**Try it**. Although the data below contains pictures, please reproduce only its words, exactly.

**Source material**.
--

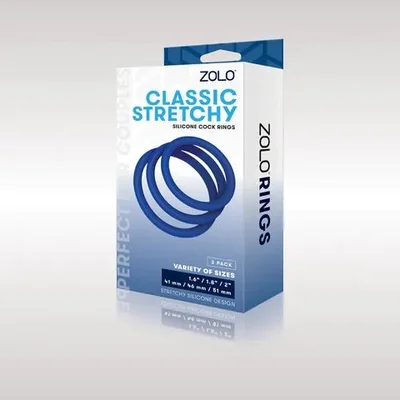 Zolo Classic Stretchy Silicone Cock Ring 3 Pack Blue Set Of 3 Sizes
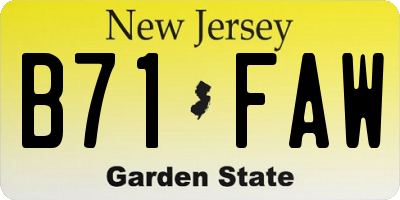 NJ license plate B71FAW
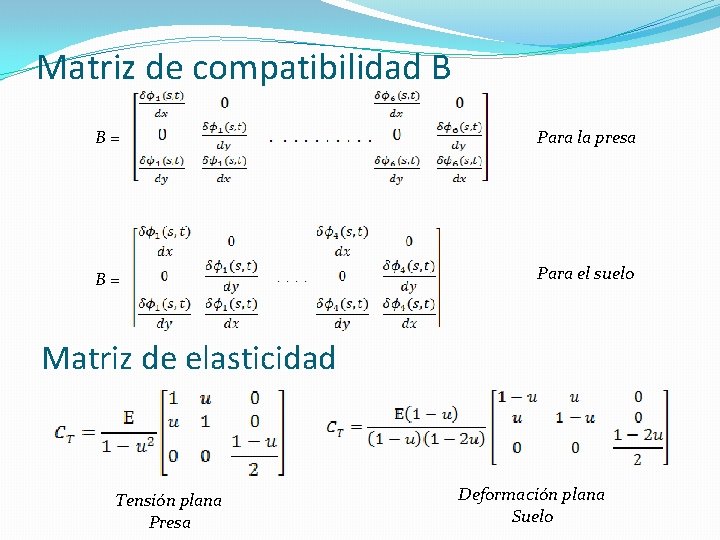 Matriz de compatibilidad B B= Para la presa B= Para el suelo Matriz de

--

**Answer space**.
 Zolo Classic Stretchy Silicone Cock Ring 3 Pack Blue Set Of 3 Sizes
 NJ license plate B71FAW
 Matriz de compatibilidad B B= Para la presa B= Para el suelo Matriz de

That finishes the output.